__Work order__
The lines from the beginning of the records below through the one holding "White Short Sleeve Cotton Shirt" are to be copied exactly; leave the pictures out.

○ ○ ○

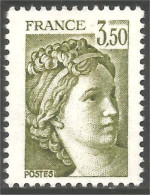 351 France Yv 2121 Sabine De Gandon 3 F 50 Vert Olive Green MNH ** Neuf SC (2121-1b) - 1977-1981 Sabine (Gandon)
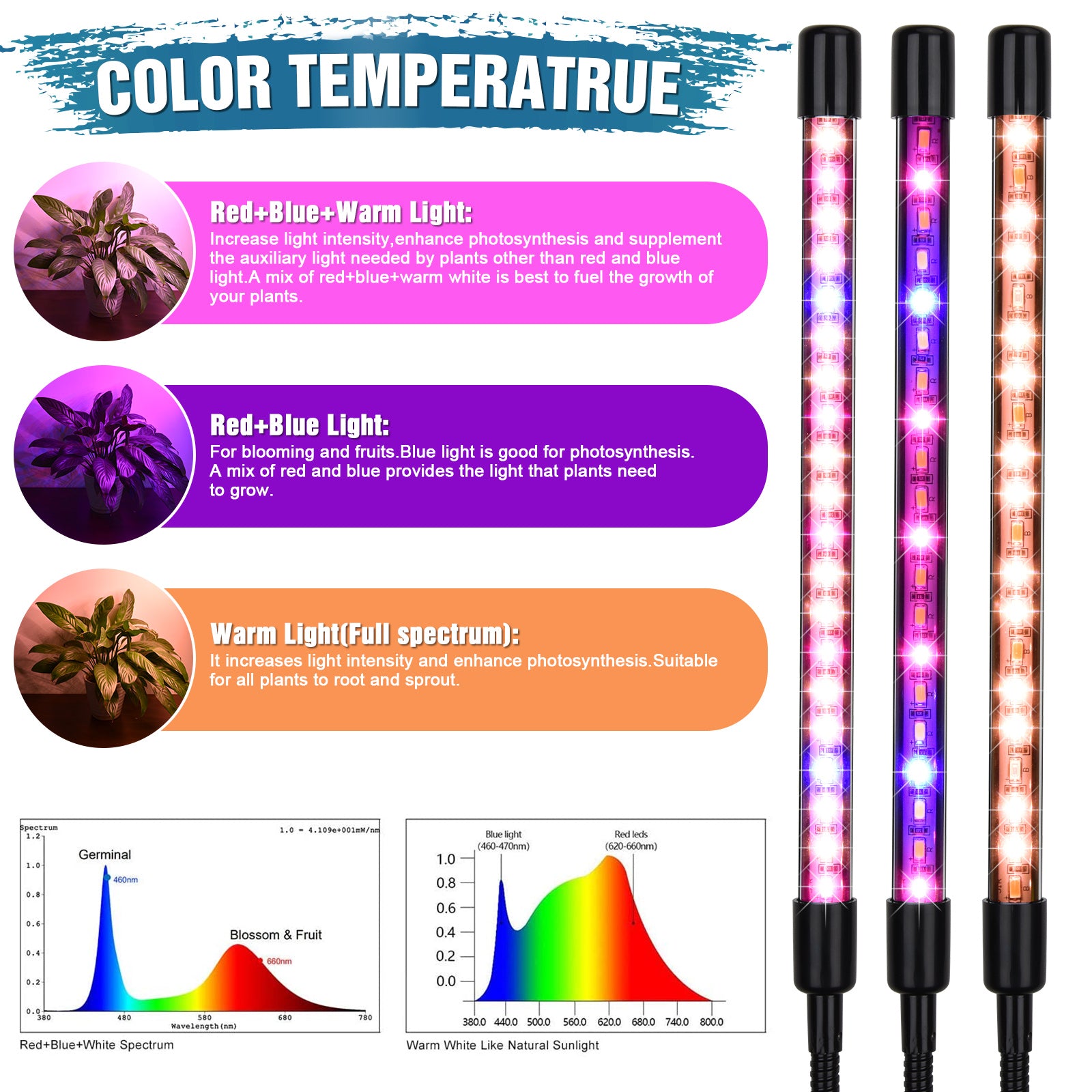 Upgraded 4-tube Long Strip Convenient Multi-purpose Indoor Fill Light Plug Plant Growth Light Potted Plant Light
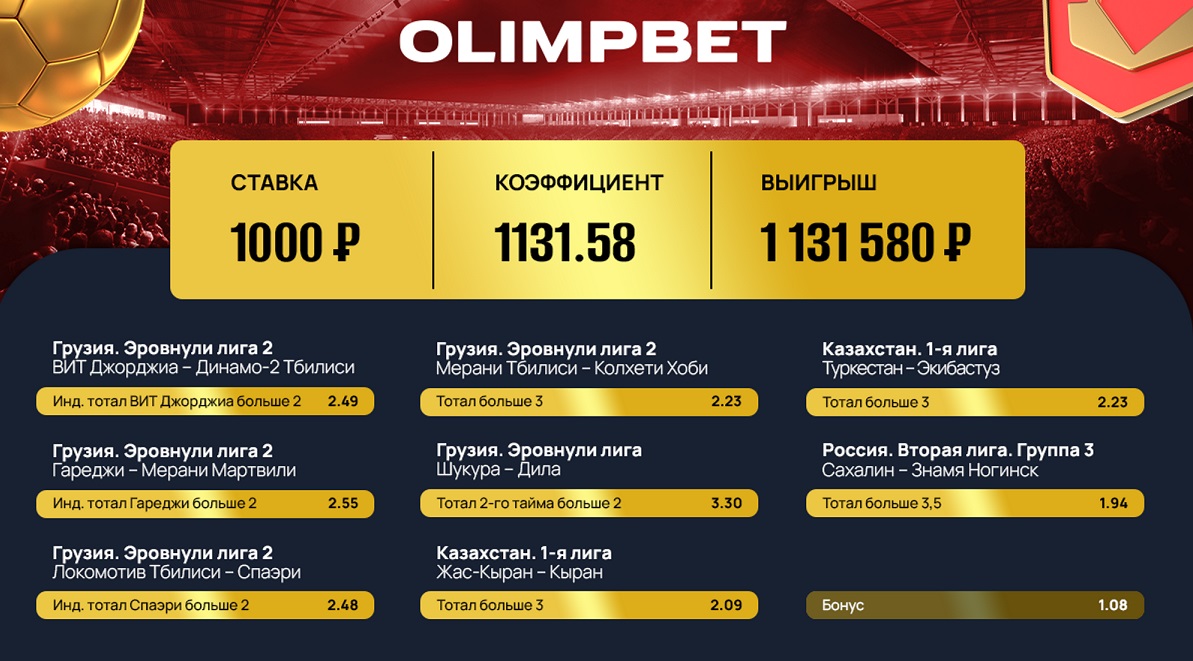 Клиент Olimpbet выиграл больше миллиона со ставки в тысячу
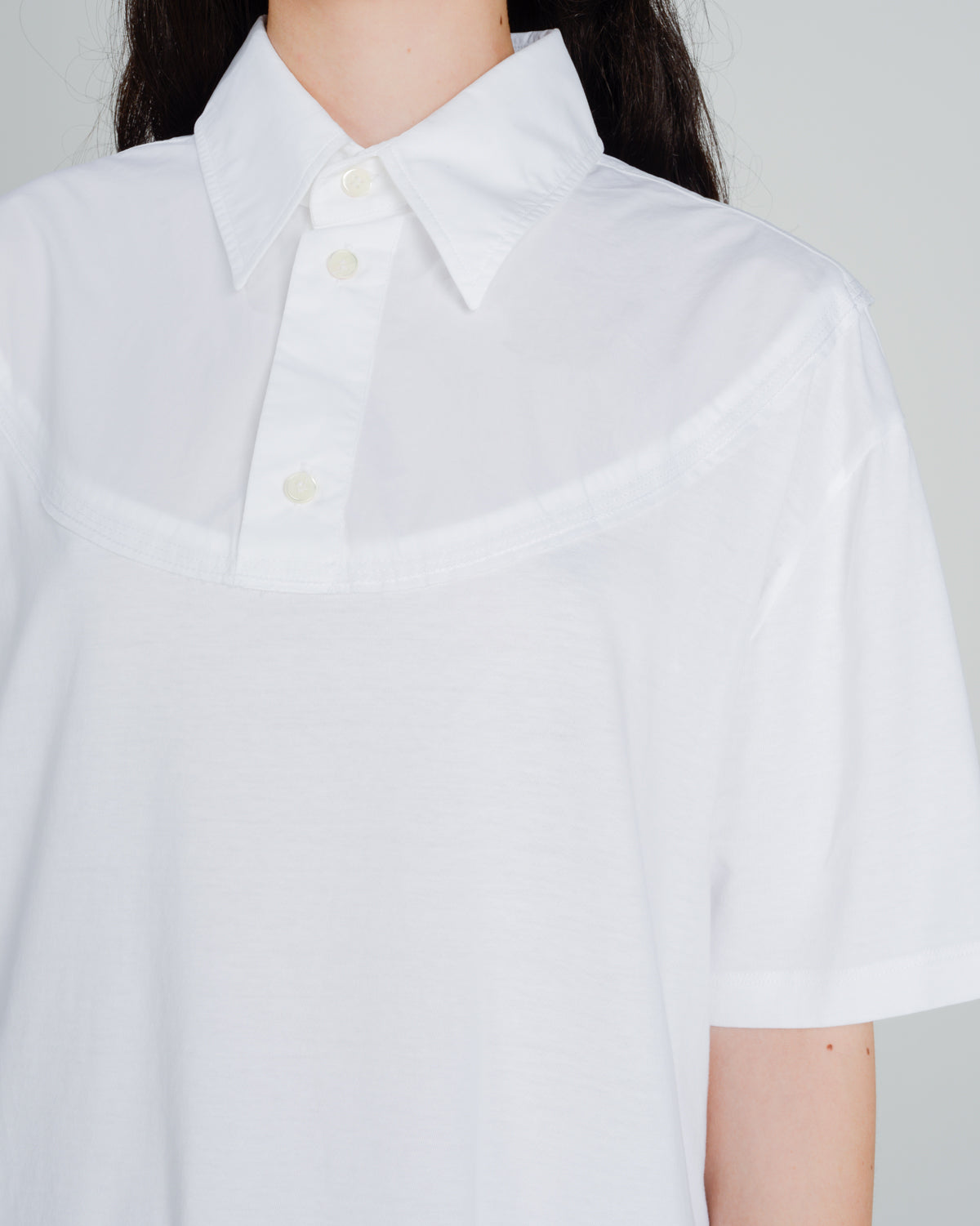 White Short Sleeve Cotton Shirt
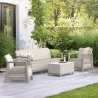 Set mobilier de terasa, aspect iuta, Keter Scandi, pentru gradina sau foisor, cu masuta depozitare, 1 canapea, 2 fotolii, 5 locuri, culoare bej, rezistent UV 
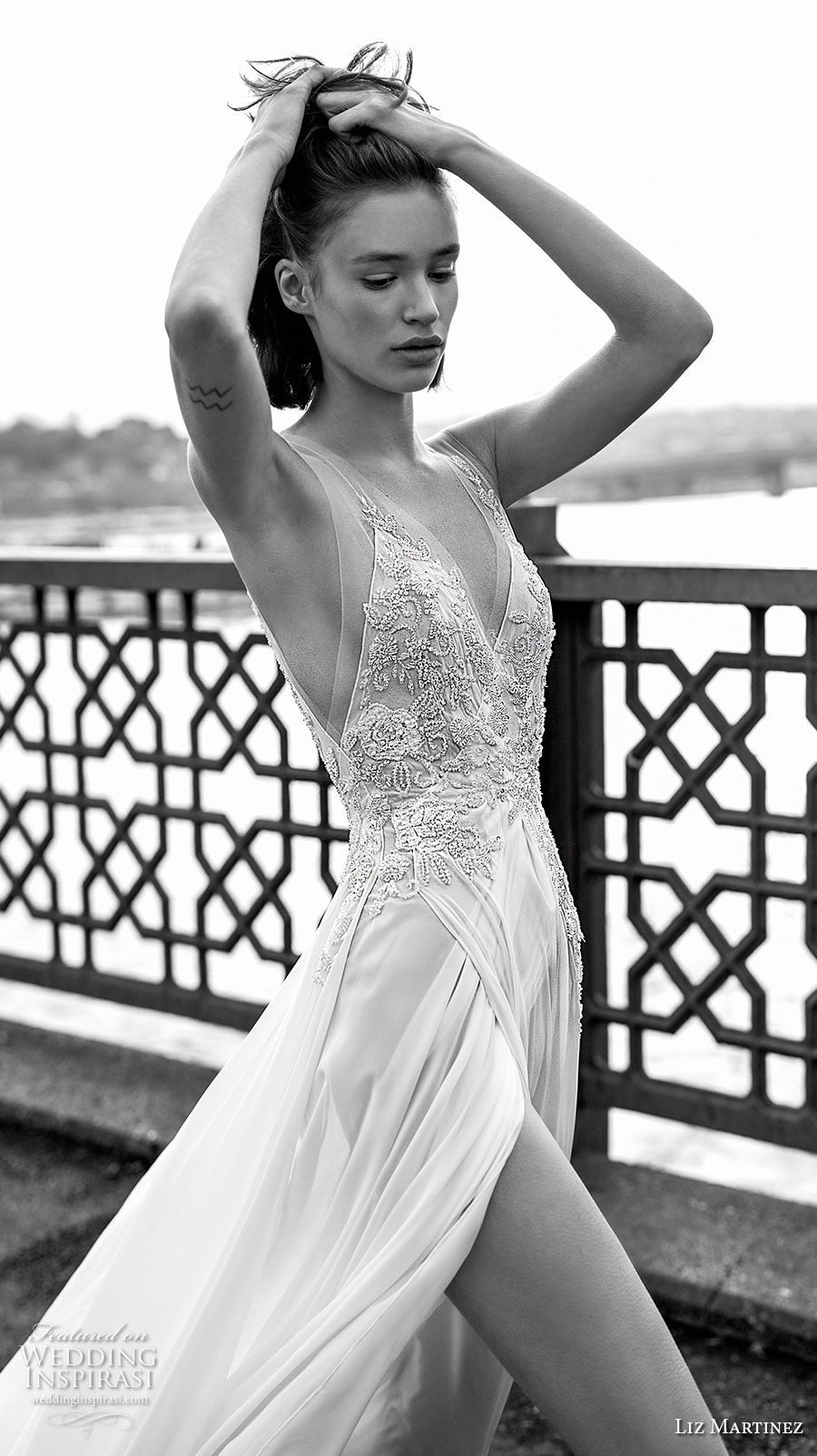 liz martinez 2019 bridal sleeveless deep v neck heavily embellished bodice slit skirt romantic sexy soft a  line wedding dress open v back (9) zv mv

○ ○ ○

__Completed exercise__
 351 France Yv 2121 Sabine De Gandon 3 F 50 Vert Olive Green MNH ** Neuf SC (2121-1b) - 1977-1981 Sabine (Gandon)
 Upgraded 4-tube Long Strip Convenient Multi-purpose Indoor Fill Light Plug Plant Growth Light Potted Plant Light
 Клиент Olimpbet выиграл больше миллиона со ставки в тысячу
 White Short Sleeve Cotton Shirt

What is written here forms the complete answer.